Помедлив, Гребешков спустился по ступенькам крыльца и пошел в ту сторону, откуда доносился сминающий на сердце, бьющий по нему молоточками стон. Гребешков испытывал странную робость, а ведь никогда и ничего не боялся, даже смерти, относясь к ней как к чему-то если и имеющему к нему какое-то отношение, то явно опосредствованное. Да, так и было, почему-то заробел противно собственному естеству, но это бы еще ладно, спустя время отыскал бы сему причину и успокоился; другое худо: выяснилось, что доносящийся стон не был плодом воображения, а принадлежал человеку, и, что удивило, Секачу, сильному и дерзкому, у кого, как думал, не было сердца, а что-то заместо него затверделое и жесткое. Сидел Секач на сырой земле, вытянув руки, смотрел на них, обезображенных, сплошь покрытых желтой гнойной коркой, и выстанывал бессловесное, студенящее.
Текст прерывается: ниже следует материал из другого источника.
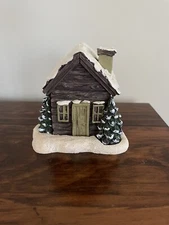 Log Cabin Incense Burner Winter Chimney Cottage Includes Cedar And Pine Incenses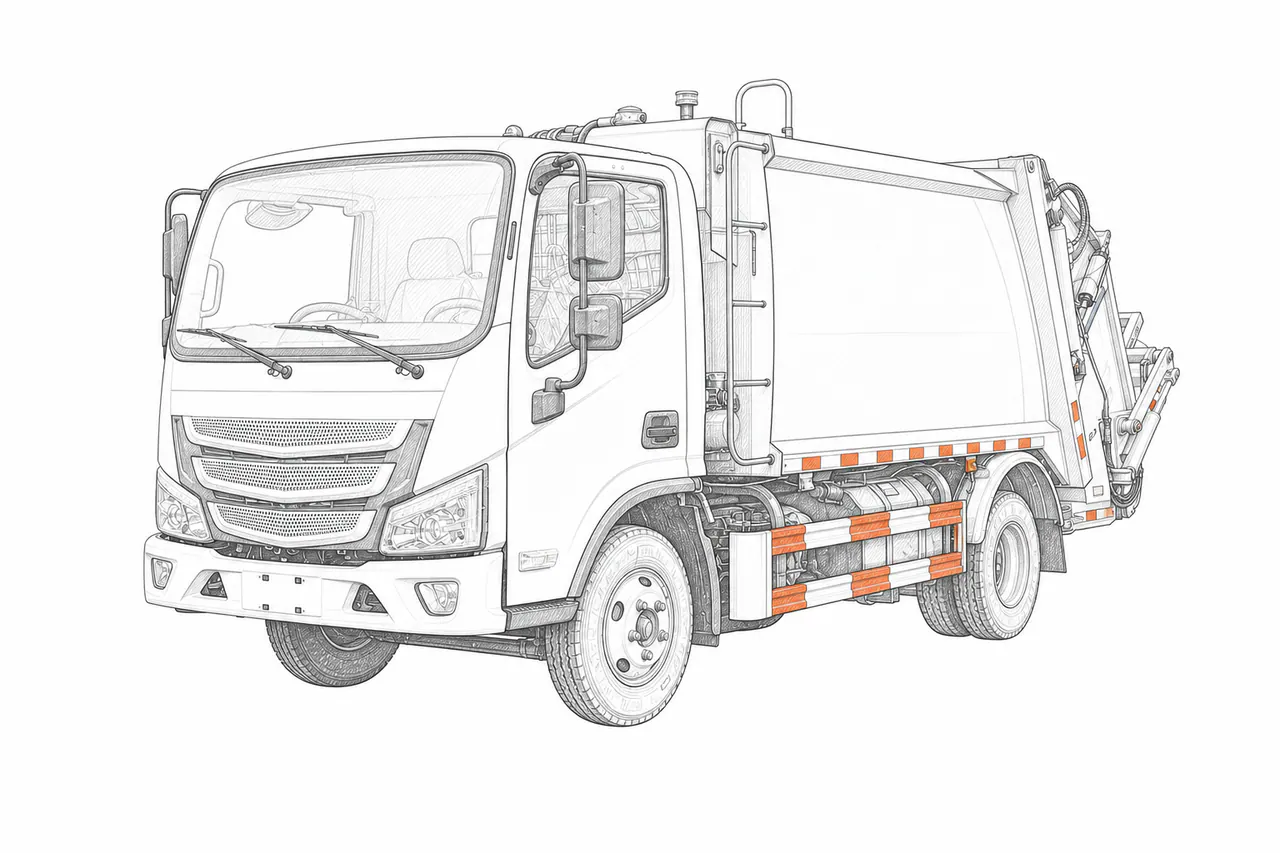 Concepto técnico de configuración para Camión compactador de residuos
Секач не заметил, как подошел хозяин, увидел его позже и не ощутил привычной утесненности в груди, испарилась, все так же смотрел на свои руки и жалел себя утробной волчьей жалостью. И, когда хозяин, не умея подавить смущения, ясно отметившегося в глазах, тихо, пришептывая слова, как если бы опасаясь обронить тайный смысл их, сказал:

— Ты чего не даешь спать людям? Что тебя так издергало? Сам же говорил, что руки тебе ни к чему, и локтями кого угодно задавишь, — Секач и ухом не повел, в крупном красном лице напряжение не иссякло, он точно бы не хотел, чтобы оно растворилось в пространстве. И впрямь не хотел, смирившись с болью. Но была еще злость, и она подталкивала к суровому недоумению: почему такое случилось с ним, не с кем-то другим? Старуха из Синего Камня, когда ходил туда по просьбе бесенят (они в ту пору в загул ударились) и подменял их на стороже, сказывала, что он, может, и не хуже других, в грехах погрязших, все же выбор Большого Беса пал на него по той простой причине, что родился он без души. «Ну, нету ее, и все тут! — с восторгом говорила старуха. — Не уподобился, значит. Но ты не горюй, без души ни тебе маеты, ни тоски». Врала старуха, будто де не накатывает на него тоска. Накатывает, иной раз так возьмет в оборот — не дыхнуть. Он, Секач, может статься, не знает про обыкновенную человеческую печаль (Какая она, кто скажет?..), а только думает, что мало в чем отличается от его, собственной. И все потому, что не всегда удается ему сделать по-своему, в последние леты в особенности. Он даже бродячего монаха уже не способен наказать за блудоязычие. Вон и в тот раз… Стоял тогда Антоний посреди порушенного двора, разбрасывал хлебные корки, птички разные налетели, свиристят — за версту слышно. Секач подошел к страннику:

— Ты почему рушишь порядок?

Антоний лишь плечами пожал. Что оставалось делать? Замахнулся, ударил, с трудом сжав кулак, так что гной из-под пальцев брызнул. Только кулак наткнулся на пустоту. Иль не обидно? А каково было слышать, когда монах сказал как бы даже с сочувствием:

— О, грехи наши тяжкие! Но, даст Бог, все наладится, и раны на руках заживут и, может, пропадет охота чинить обиды ближнему своему, и потянешься к Господу. Быть ли по сему, человече?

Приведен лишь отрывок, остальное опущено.